* ACTIVITY *
Take every line from the records below that includes the word "Black".

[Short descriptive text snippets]
-.-.-
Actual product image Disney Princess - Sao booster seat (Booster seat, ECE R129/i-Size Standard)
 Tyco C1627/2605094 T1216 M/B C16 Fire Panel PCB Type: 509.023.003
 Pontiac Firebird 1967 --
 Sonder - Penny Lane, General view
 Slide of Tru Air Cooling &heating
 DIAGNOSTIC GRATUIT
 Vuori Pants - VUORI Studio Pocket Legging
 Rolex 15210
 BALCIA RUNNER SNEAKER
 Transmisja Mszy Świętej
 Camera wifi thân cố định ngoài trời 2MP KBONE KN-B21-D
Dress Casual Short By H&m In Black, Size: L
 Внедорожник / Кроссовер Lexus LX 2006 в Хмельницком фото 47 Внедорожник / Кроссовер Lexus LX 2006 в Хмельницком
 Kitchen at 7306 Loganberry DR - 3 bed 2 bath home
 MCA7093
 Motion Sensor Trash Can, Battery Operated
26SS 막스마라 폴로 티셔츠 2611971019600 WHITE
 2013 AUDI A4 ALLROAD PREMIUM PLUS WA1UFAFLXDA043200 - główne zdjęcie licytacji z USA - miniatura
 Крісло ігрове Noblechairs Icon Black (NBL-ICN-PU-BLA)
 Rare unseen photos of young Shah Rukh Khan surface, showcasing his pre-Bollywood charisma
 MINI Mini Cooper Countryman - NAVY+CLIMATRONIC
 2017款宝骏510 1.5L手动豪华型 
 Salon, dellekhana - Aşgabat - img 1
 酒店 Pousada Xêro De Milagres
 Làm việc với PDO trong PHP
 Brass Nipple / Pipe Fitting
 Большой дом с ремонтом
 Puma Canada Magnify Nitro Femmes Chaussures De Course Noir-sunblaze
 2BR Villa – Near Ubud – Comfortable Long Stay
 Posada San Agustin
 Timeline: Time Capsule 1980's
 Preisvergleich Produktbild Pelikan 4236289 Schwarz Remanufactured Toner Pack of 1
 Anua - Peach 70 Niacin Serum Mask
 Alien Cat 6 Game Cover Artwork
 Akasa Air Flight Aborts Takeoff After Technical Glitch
-.-.-
* ANSWER SECTION *
Dress Casual Short By H&m In Black, Size: L
 Крісло ігрове Noblechairs Icon Black (NBL-ICN-PU-BLA)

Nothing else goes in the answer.